-------- RECORDS FOR THE TASK --------
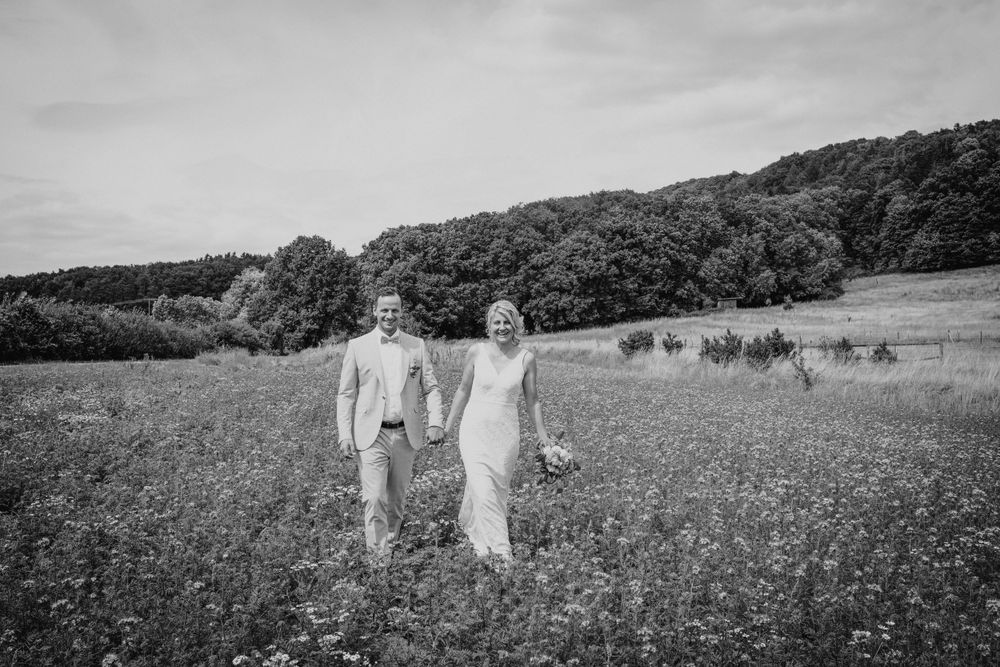 Wedding couple walking through a sunny meadow with rolling hills in the background.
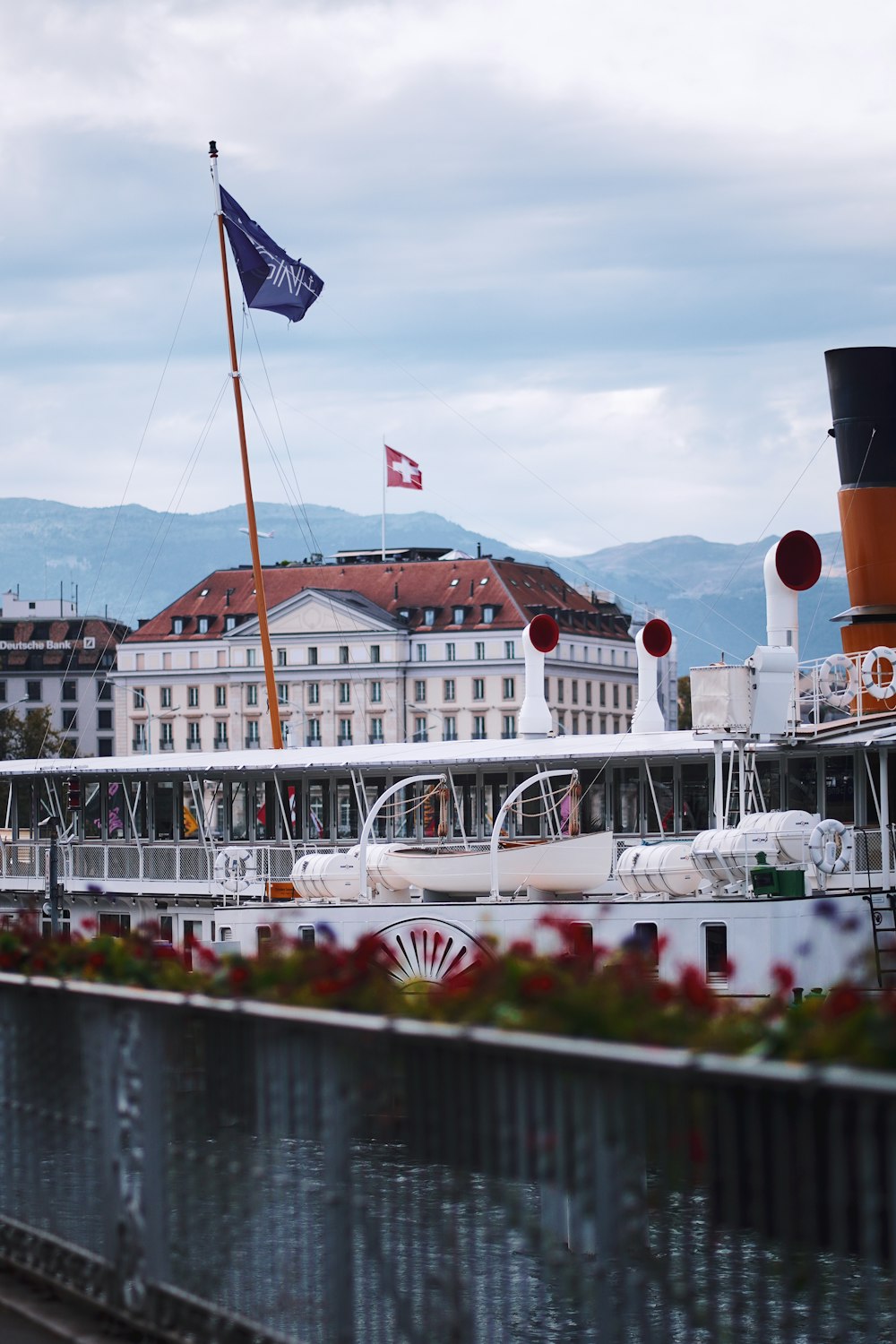 a boat docked in a harbor next to a building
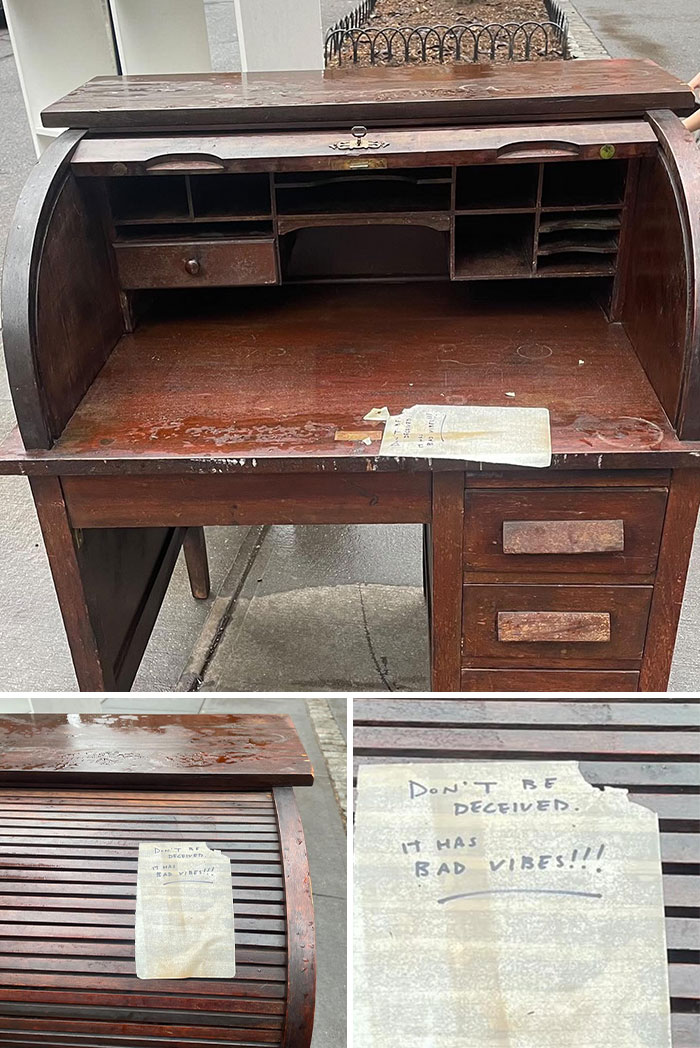 Old wooden roll-top desk found discarded on the street with a note warning it has bad vibes, one man's trash treasure.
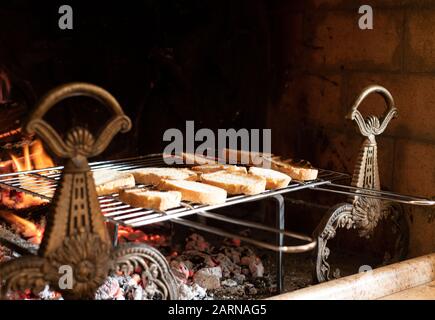 Assortiment de pain en tranches sur une grille métallique au-dessus de coals chauds et feu avec flammes dans une cheminée à l'intérieur avec espace de copie au-dessus Banque D'Images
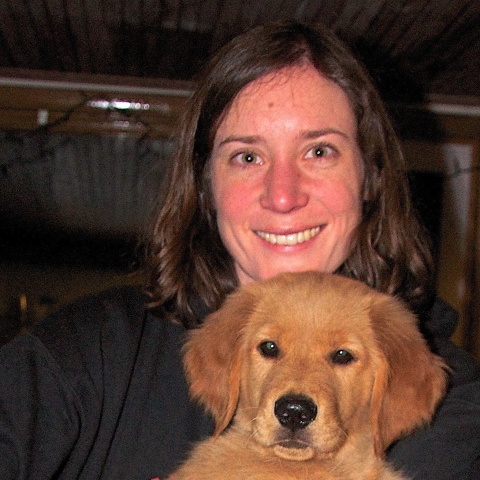 Jess Hayward holds a young golden retriever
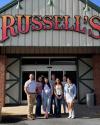 Seven people stand in front of the entrance to a building with a large sign reading "RUSSELL'S" above them.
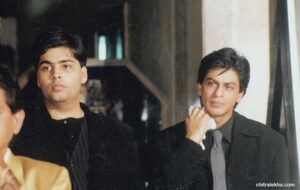 Karan Johar Instagram - I think bhai @iamsrk is sweating thinking of how to break the news to me that I need to hit a treadmill! #throwbacksaturday ! Meanwhile my expression is a result of discomfort from overeating!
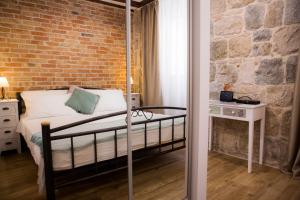 a bedroom with a bed and a brick wall at Studio apartman Ana in Split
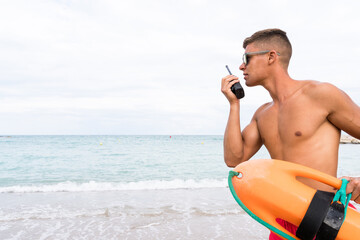 Handsome Lifeguard using the radio while working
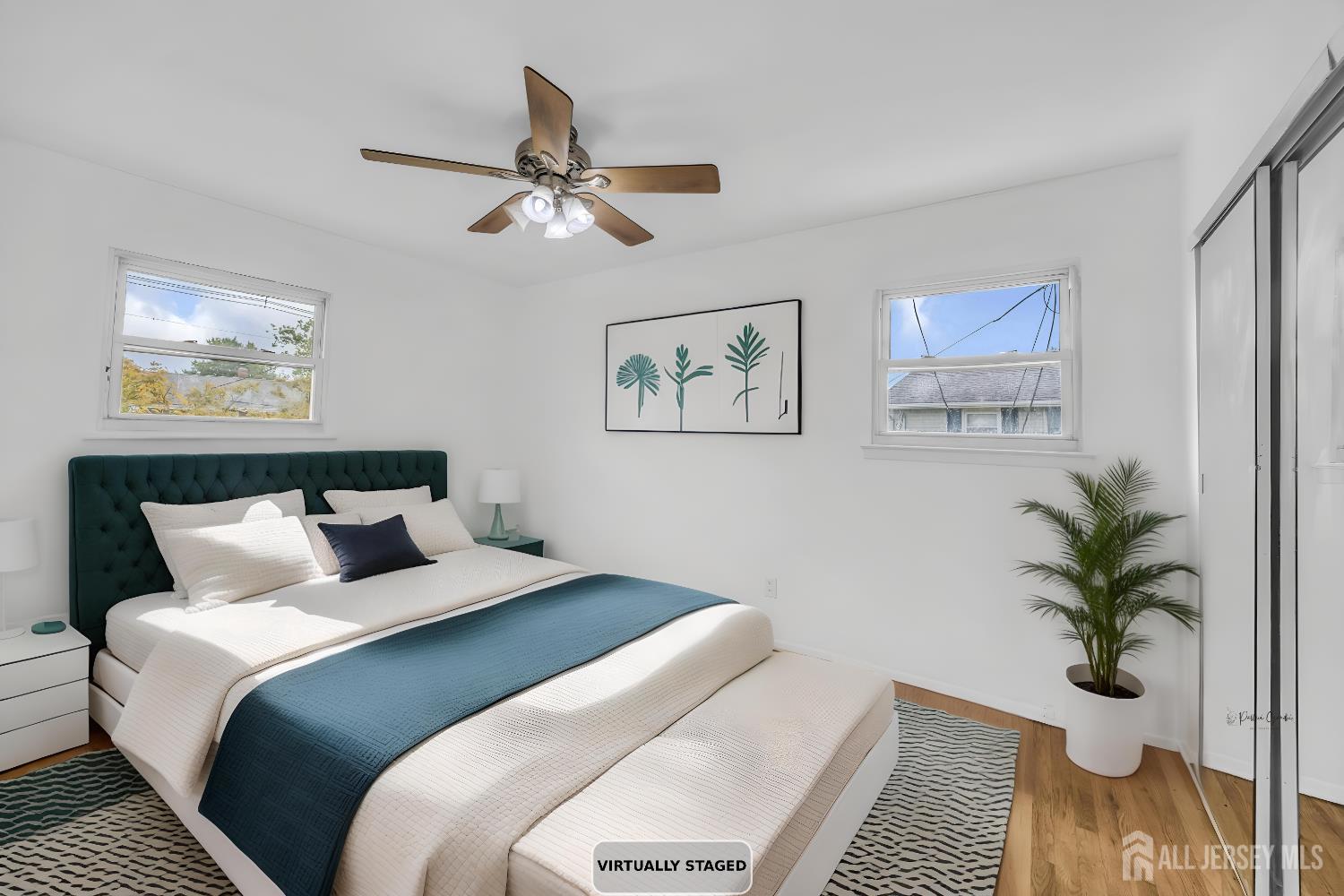 23 Barlow Road Edison, NJ 08817 - Photo 41 of 50 a bedroom with bed and a potted plant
--------
Every entry above should be restated word for word, with the images left out.

 Wedding couple walking through a sunny meadow with rolling hills in the background.
 a boat docked in a harbor next to a building
 Old wooden roll-top desk found discarded on the street with a note warning it has bad vibes, one man's trash treasure.
 Assortiment de pain en tranches sur une grille métallique au-dessus de coals chauds et feu avec flammes dans une cheminée à l'intérieur avec espace de copie au-dessus Banque D'Images
 Jess Hayward holds a young golden retriever
 Seven people stand in front of the entrance to a building with a large sign reading "RUSSELL'S" above them.
 Karan Johar Instagram - I think bhai @iamsrk is sweating thinking of how to break the news to me that I need to hit a treadmill! #throwbacksaturday ! Meanwhile my expression is a result of discomfort from overeating!
 a bedroom with a bed and a brick wall at Studio apartman Ana in Split
 Handsome Lifeguard using the radio while working
 23 Barlow Road Edison, NJ 08817 - Photo 41 of 50 a bedroom with bed and a potted plant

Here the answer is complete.